This module relates circular convolution of periodic signals in the time domain to multiplication in the frequency domain.

Given a signal $f\left(t\right)$ with Fourier coefficients ${c}_{n}$ and a signal $g\left(t\right)$ with Fourier coefficients ${d}_{n}$, we can define a new signal, $v\left(t\right)$, where $v\left(t\right)=f\left(t\right)\u229bg\left(t\right)$ We find that the Fourier Series representation of $v\left(t\right)$, ${a}_{n}$, is such that ${a}_{n}={c}_{n}{d}_{n}$. $f\left(t\right)\u229bg\left(t\right)$ is the circular convolution of two periodic signals and is equivalent to the convolution over one interval, i.e. $f\left(t\right)\u229bg\left(t\right)={\int}_{0}^{T}{\int}_{0}^{T}f\left(\tau \right)g\left(t-\tau \right)d\tau dt$.

Note:

Circular convolution in the time domain is equivalent to
multiplication of the Fourier coefficients.
$$\begin{array}{rcl}\hfill {a}_{n}& \hfill =\hfill & \frac{1}{T}{\int}_{0}^{T}v\left(t\right){e}^{-(j{\omega}_{0}nt)}dt\hfill \\ \hfill & \hfill =\hfill & \frac{1}{{T}^{2}}{\int}_{0}^{T}{\int}_{0}^{T}f\left(\tau \right)g\left(t-\tau \right)d\tau {e}^{-(\omega {j}_{0}nt)}dt\hfill \\ \hfill & \hfill =\hfill & \frac{1}{T}{\int}_{0}^{T}f\left(\tau \right)(\frac{1}{T}{\int}_{0}^{T}g\left(t-\tau \right){e}^{-(j{\omega}_{0}nt)}dt)d\tau \hfill \\ \hfill & \hfill =\hfill & \forall \nu ,\nu =t-\tau :\left(\frac{1}{T}{\int}_{0}^{T}f\left(\tau \right)(\frac{1}{T}{\int}_{-\tau}^{T-\tau}g\left(\nu \right){e}^{-(j{\omega}_{0}(\nu +\tau ))}d\nu )d\tau \right)\hfill \\ \hfill & \hfill =\hfill & \frac{1}{T}{\int}_{0}^{T}f\left(\tau \right)(\frac{1}{T}{\int}_{-\tau}^{T-\tau}g\left(\nu \right){e}^{-(j{\omega}_{0}n\nu )}d\nu ){e}^{-(j{\omega}_{0}n\tau )}d\tau \hfill \\ \hfill & \hfill =\hfill & \frac{1}{T}{\int}_{0}^{T}f\left(\tau \right){d}_{n}{e}^{-(j{\omega}_{0}n\tau )}d\tau \hfill \\ \hfill & \hfill =\hfill & {d}_{n}(\frac{1}{T}{\int}_{0}^{T}f\left(\tau \right){e}^{-(j{\omega}_{0}n\tau )}d\tau )\hfill \\ \hfill & \hfill =\hfill & {c}_{n}{d}_{n}\hfill \end{array}$$

1

Take a look at a square pulse with a period of T.

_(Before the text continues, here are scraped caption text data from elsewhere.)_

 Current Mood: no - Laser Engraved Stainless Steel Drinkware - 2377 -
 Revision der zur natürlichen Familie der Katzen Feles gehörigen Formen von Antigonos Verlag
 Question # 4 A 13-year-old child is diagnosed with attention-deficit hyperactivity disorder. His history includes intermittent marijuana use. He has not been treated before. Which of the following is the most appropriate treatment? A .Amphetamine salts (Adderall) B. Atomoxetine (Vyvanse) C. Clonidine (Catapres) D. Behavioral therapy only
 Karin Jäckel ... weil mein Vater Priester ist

For this signal $${c}_{n}=\{\begin{array}{l}\frac{1}{T}\text{if}n=0\\ \frac{1}{2}\frac{\mathrm{sin}\left(\frac{\pi}{2}n\right)}{\frac{\pi}{2}n}\text{otherwise}\end{array}$$

Take a look at a triangle pulse train with a period of T.

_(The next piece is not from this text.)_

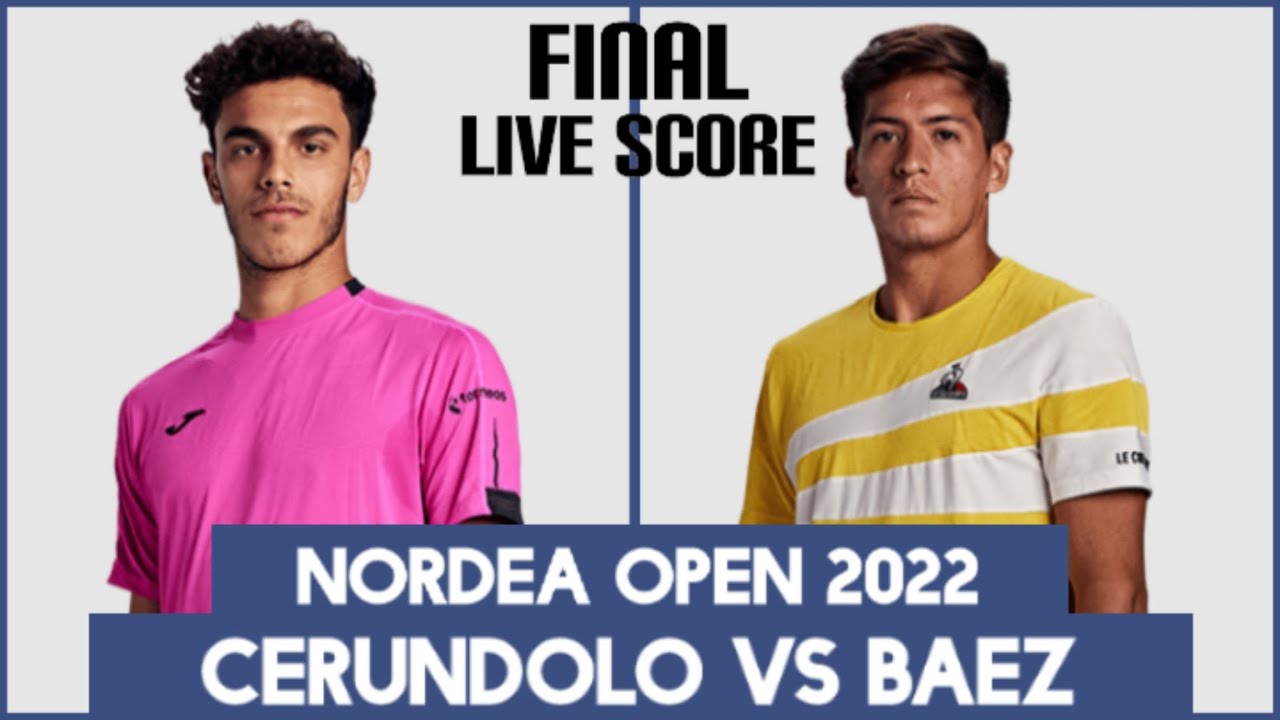 Bastad 2022 Cerundolo vs Baez Nordea Open 2022 Live Score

This signal is created by circularly convolving the square pulse with itself. The Fourier coefficients for this signal are ${a}_{n}={{c}_{n}}^{2}=\frac{1}{4}\frac{{\mathrm{sin}}^{2}}{\left(\frac{\pi}{2}n\right)}$

Exercise 1

Find the Fourier coefficients of the signal that is created when the square pulse and the triangle pulse are convolved.

Solution

${a}_{n}=\left\{\begin{array}{cc}\text{undefined}\hfill & n=0\hfill \\ \frac{1}{8}\frac{si{n}^{3}\left(\frac{\pi}{2}n\right)}{{\left(\frac{\pi}{2}n\right)}^{3}}\hfill & \text{otherwise}\hfill \end{array}\right.$

Circular convolution in the time domain is equivalent to multiplication of the Fourier coefficients in the frequency domain.